The rise of the state pension age to 66 has successfully induced more people to keep working past 65, meaning many individuals will be reaping the financial benefits of these extra earnings. However, another likely and far less positive consequence is deepening inequalities between those who can and cannot work in their mid-60s. If the government is serious about continuing to increase the state pension age, then they must get equally serious about ensuring that everyone has access to decent employment, and back-to-work support for people who have fallen out of employment in their 60s. Without that, further increases will simply worsen the price that older workers already pay for an ageist labour market.

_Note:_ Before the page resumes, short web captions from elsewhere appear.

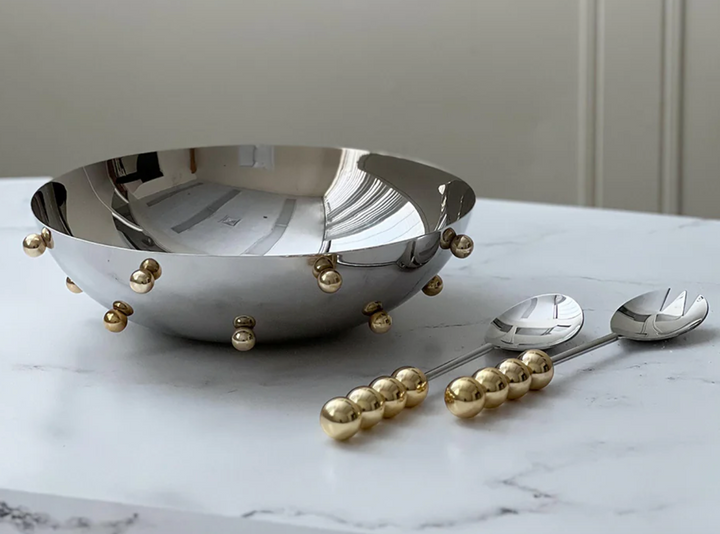 SS Bowl w Gold Balls 2 sizes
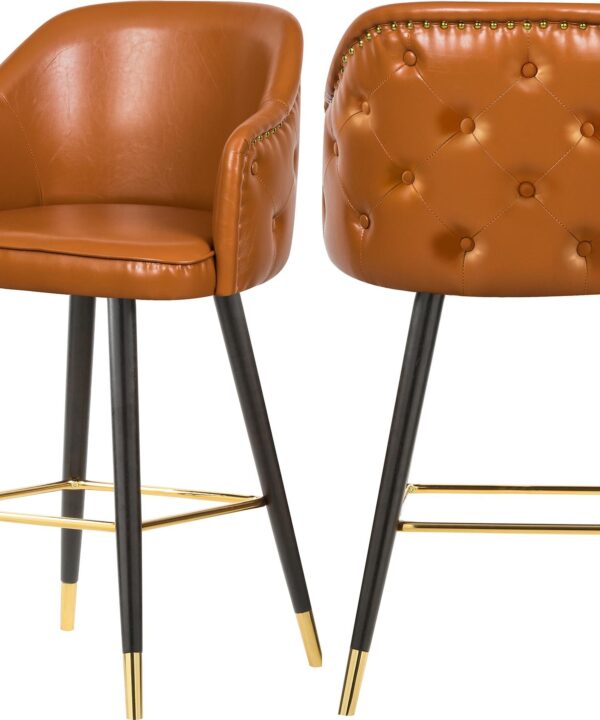 Barbosa Cognac Faux Leather Counter/Bar Stool - Luxe Home Furnishings (Jersey City, NJ)
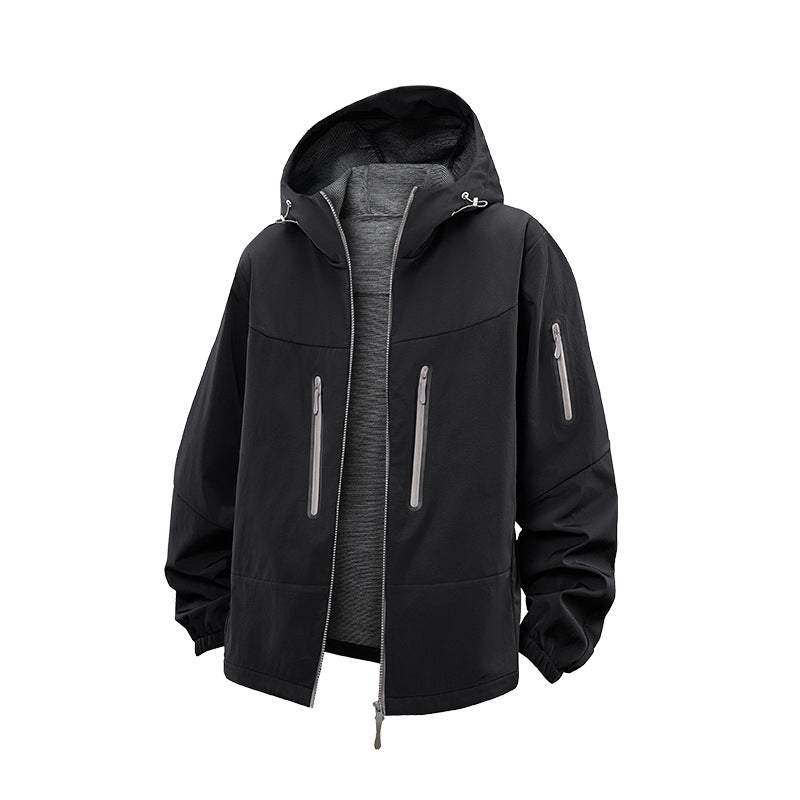 Herren Technische Softshell-Outdoorjacke mit Kapuze, versiegelten Reißverschlüssen und sportiver Regular-Fit Passform Drune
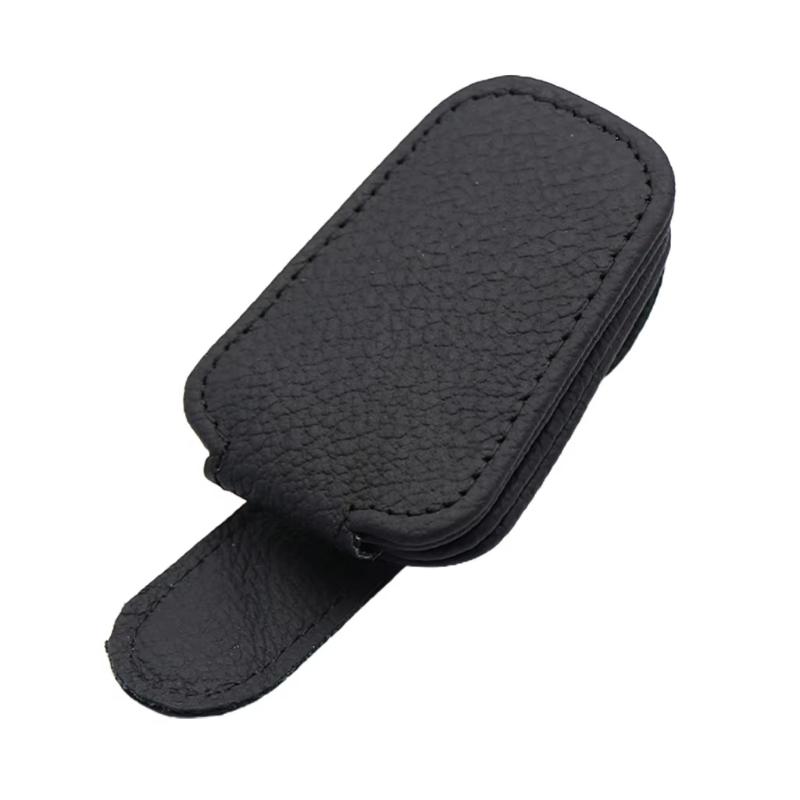 Universal Car Sunglasses Holder Car Magnetic Leather Clip Card Ticket Holder Auto Sun Visor Glasses Box Decoration Accessories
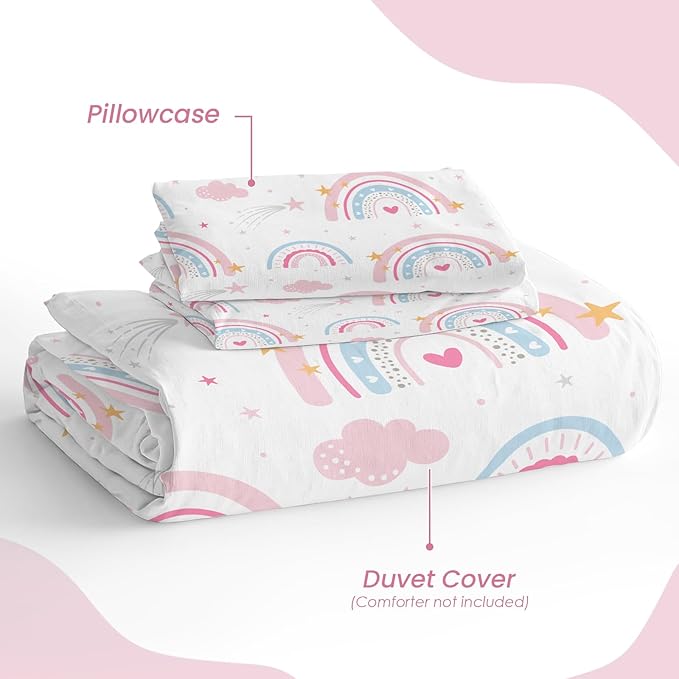 SANDJEST Rainbow Duvet Cover Sets Full Size for Kids Girls, Incude 1 Polyester Comforter Cover 80x90 Inches and 2 Pillowcases 20x26 Inches, Comforter Not Included, Gift for Christmas Birthday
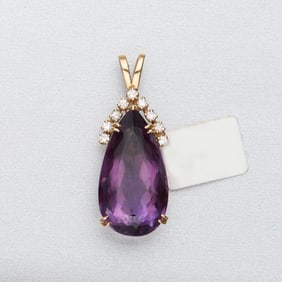 Diamond and Amethyst Pendant 14k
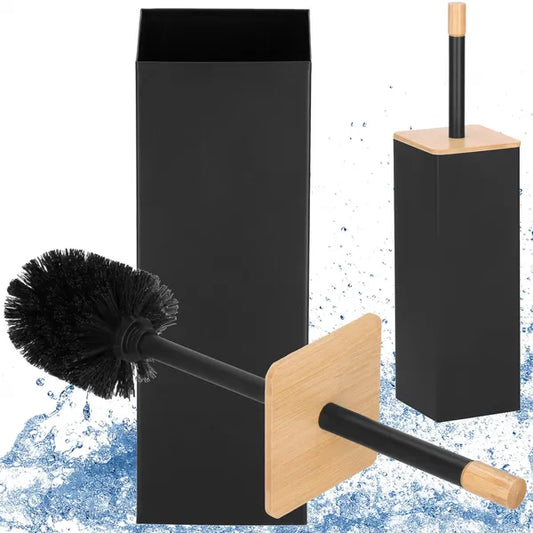 WC-kefe tartó bambusz fedéllel, fekete fém, 40 cm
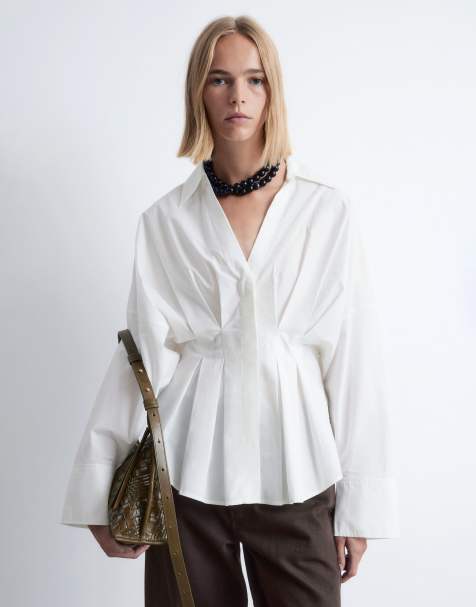 Camisa blanca con cintura entallada y mangas voluminosas de & Other Stories - view 1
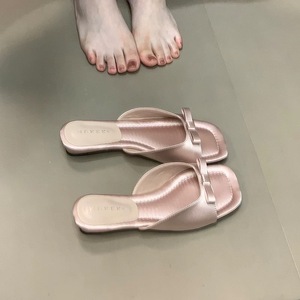 Women's Elegant <b>Red</b> Sandals 2026 New French Style Bow Square Toe Flat Sandals Versatile Summer Shoes - Product Image 6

There have been many positive aspects to a raised state pension age. For many people still in work at 65, this has been an extra year of income and to further build savings for retirement. Employers, many of whom are experiencing acute skills shortages, are equally benefitting from these older workers’ experience. As a direct result of the increase in state pension age there are 25,000 more men and 30,000 more women aged 65 in the labour market, new research funded by the Centre for Ageing Better and conducted by the Institute for Fiscal Studies has shown.
That said, little more than a third of people are still in work at 65. The increase in state pension age means that 25,000 more 65-year-olds are out of work due to ill-health, and 5,000 more looking for work. If given the right support tailored to their individual needs, many in this group could re-enter the labour market, boosting their income and savings. Employers too stand to gain substantially from tapping into this pool of highly experienced workers.